Seattle must be the only place in the box that is cold and rainy. Lessee, I'm going to guess that the James Buchanan bio and the last three are the bedtime reading. Will Bush supplant Buchanan as the worst president in the history of the US?

I'm on the home stretch of Josh Russell's Yellow Jack.

Foxessa said...

You're right on the nose, Mr. K!

But I think youknowwho has beaten out Buchanan for that title long ago.

This is a nice series, btw, from Time, via HarperCollins. Slim books on each of the presidents, written by people who are, generally, at least, pretty smart, giving the issues before during and post the administrations. We've read Van Buren (which is writte by someone we know) and a couple of others. Not all the presidents have a book yet, but they're close -- The American Presidents series.

Love, C.

Graeme said...

The Blackmon books sounds interesting and the food sounds good :)

Frank Partisan said...

I was told to read Spartacus by my friend.

I've been into Tom Ripley books.

Foxessa said...

Graeme -- The Blackmon book is difficult reading because the terrorism and torture and brutality and inhumanity is non-stop. Think Angola prison, which is still a slave plantation, but an incalcuably worse.

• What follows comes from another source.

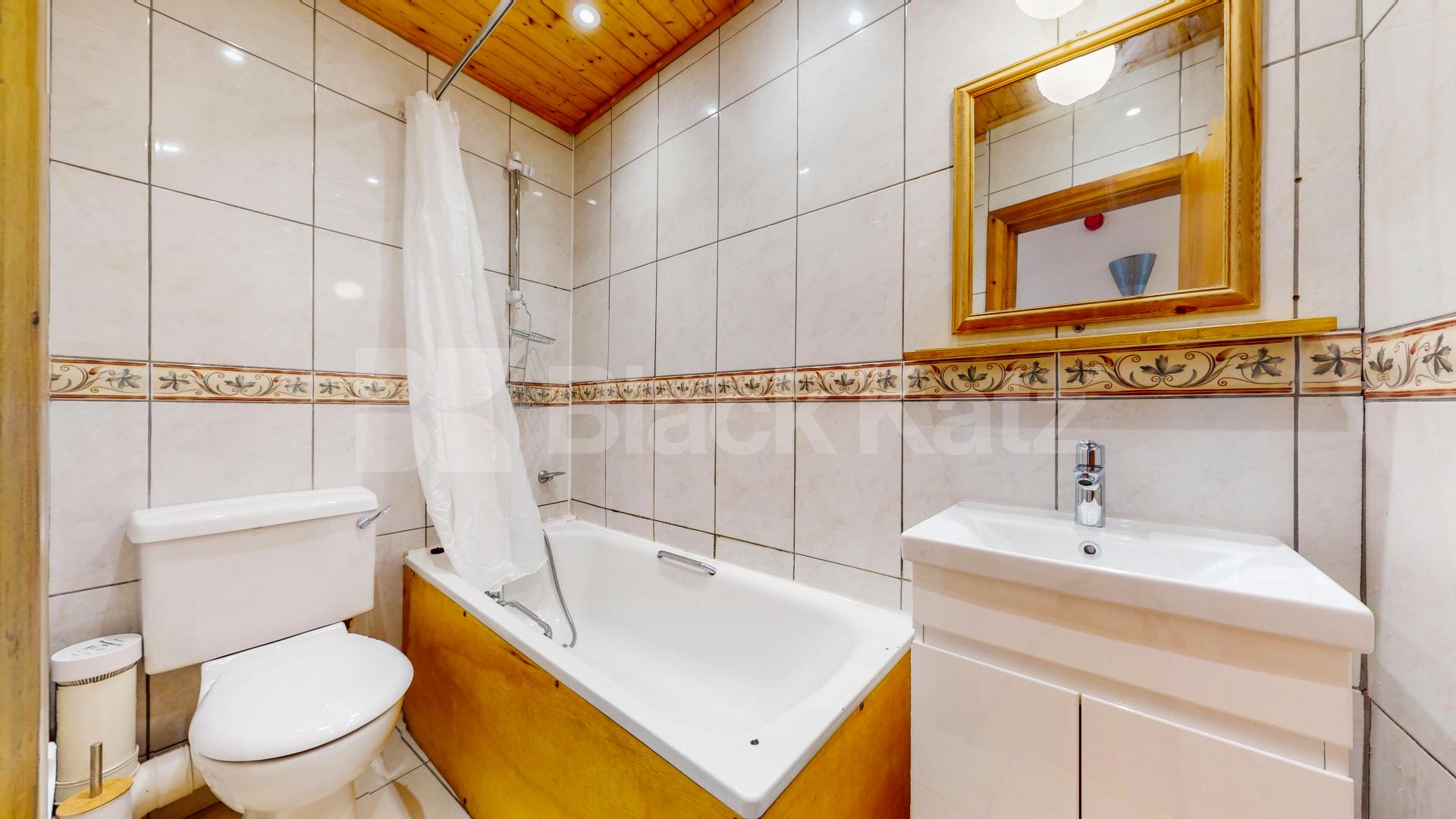 			2 Bedroom, 1 bath, 1 reception Flat			 Burnley Road, DOLLIS HILL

Black people could be arrested and charged for anything and sentenced to conditions that were at least as bad as anything in the nazi jewish camps, enslaved as miners. Work gangs of prisoners were organized into coffles sent around the deep south, particularly Alabama, just like in the pre-Civil War days. They had auctions for work gangs in the same places slave auctions took place. It's just sickening. The entire wealth and prosperity of Birmingham, steel and coal, was built on the enslavement of these men. And the sheriffs got themselves damned wealthy out of it too.

Love, C.

Foxessa said...

Ren -- You've been reading the elegant Patricia Highsmith?

Which Spartacus? Novel or history?

Love, C.

Frank Partisan said...

Novel by Howard Fast.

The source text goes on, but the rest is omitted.